Lreg
Purpose
Predictions based on softmax multinomial logistic regression model.
Synopsis
- lreg - Launches an Analysis window with LREG as the selected method.
- [model] = lreg(x,options);
- [model] = lreg(x,y,options);
- [pred] = lreg(x,model,options);
- [valid] = lreg(x,y,model,options);
- [options] = lreg('options');
Please note that the recommended way to build and apply an LREG model from the command line is to use the Model Object. Please see this wiki page on building and applying models using the Model Object.
Description
Build an LREG model from input X and Y block data. Alternatively, if a model is passed in LREG makes a Y prediction for an input test X block.
LREG solves for the logistic regression model parameters using the minFunc software:
- M. Schmidt. minFunc: unconstrained differentiable multivariate optimization in Matlab. http://www.cs.ubc.ca/~schmidtm/Software/minFunc.html, 2005.
Inputs
- x = X-block (predictor block) class "double" or "dataset", containing numeric values,
- y = Y-block (optional) class "double" sample class values,
- model = previously generated model (when applying model to new data).
Outputs
- model = a standard model structure model with the following fields (see Standard Model Structure):
- modeltype: 'LREG',
- datasource: structure array with information about input data,
- date: date of creation,
- time: time of creation,
- info: additional model information,
- pred: 2 element cell array with
- model predictions for each input block (when options.blockdetail='normal' x-block predictions are not saved and this will be an empty array)
- detail: sub-structure with additional model details and results, including:
- model.detail.lreg: Structure containing 'lreg' matrix of model coefficients.

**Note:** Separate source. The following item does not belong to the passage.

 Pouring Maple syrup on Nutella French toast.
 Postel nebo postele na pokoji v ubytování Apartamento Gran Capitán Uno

- pred a structure, similar to model for the new data.
Algorithm
The 'algorithm' option allows selection of Logistic Regression wit no regularization ('none'), L2 regularization ('ridge'), L1 regularization ('lasso'), or equally weighted L1 and L2 regularization ('elasticnet').
Cross-validation
Cross-validation can be applied to LREG when using either the LREG Analysis window or the command line. From the Analysis window specify the cross-validation method in the usual way (clicking on the model icon's red check-mark, or the "Choose Cross-Validation" link in the flowchart).
Options
options = a structure array with the following fields:
- display : [ 'off' |{'on'}] Governs display
- plots: [ {'none'} | 'final' ] governs plotting of results.
- blockdetails : [ {'standard'} | 'all' ] extent of detail included in model. 'standard' keeps only y-block, 'all' keeps both x- and y- blocks.

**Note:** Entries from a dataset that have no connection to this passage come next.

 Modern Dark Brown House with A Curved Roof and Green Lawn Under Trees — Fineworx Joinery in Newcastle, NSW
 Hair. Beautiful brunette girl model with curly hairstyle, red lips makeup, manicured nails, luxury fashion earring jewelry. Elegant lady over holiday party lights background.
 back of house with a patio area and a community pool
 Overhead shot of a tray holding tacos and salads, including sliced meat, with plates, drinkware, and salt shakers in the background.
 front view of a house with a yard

- waitbar : [ 'off' |{'auto'}| 'on' ] governs use of waitbar during analysis. 'auto' shows waitbar if delay will likely be longer than a reasonable waiting period.
- algorithm : [ {'ridge'} | 'none' | 'lasso' | 'elasticnet'] specify the LREG implementation to use:
- 'none' has no regularization,
- 'ridge' uses L2 regularization,
- 'lasso' uses L1 regularization, and
- 'elasticnet' uses equally weighted L1 and L2 regularization..
- maxIter : [400] Maximum number of iterations allowed in the minFunc optimization solver.
- lambda : [{0.1}] Regularization parameter
- preprocessing: {[] []} preprocessing structures for x and y blocks (see PREPROCESS).
- compression: [{'none'}| 'pca' | 'pls' ] type of data compression to perform on the x-block prior to calculaing or applying the LREG model. 'pca' uses a simple PCA model to compress the information. 'pls' uses a pls model. Compression can make the LREG more stable and less prone to overfitting.
- compressncomp: [1] Number of latent variables (or principal components to include in the compression model.
- compressmd: [{'yes'} | 'no'] Use Mahalnobis Distance corrected.
- cvmethod : [{'con'} | 'vet' | 'loo' | 'rnd'] CV method, OR [] for Kennard-Stone single split.
- cvsplits : [{5}] Number of CV subsets.
- cvi : M element vector with integer elements allowing user defined subsets. (cvi) is a vector with the same number of elements as x has rows i.e., length(cvi) = size(x,1). Each cvi(i) is defined as:
- cvi(i) = -2 the sample is always in the test set.
- cvi(i) = -1 the sample is always in the calibration set,
- cvi(i) = 0 the sample is always never used, and
- cvi(i) = 1,2,3... defines each test subset.
Usage from LREG Analysis window
See the lregdademo.m function for command line usage example.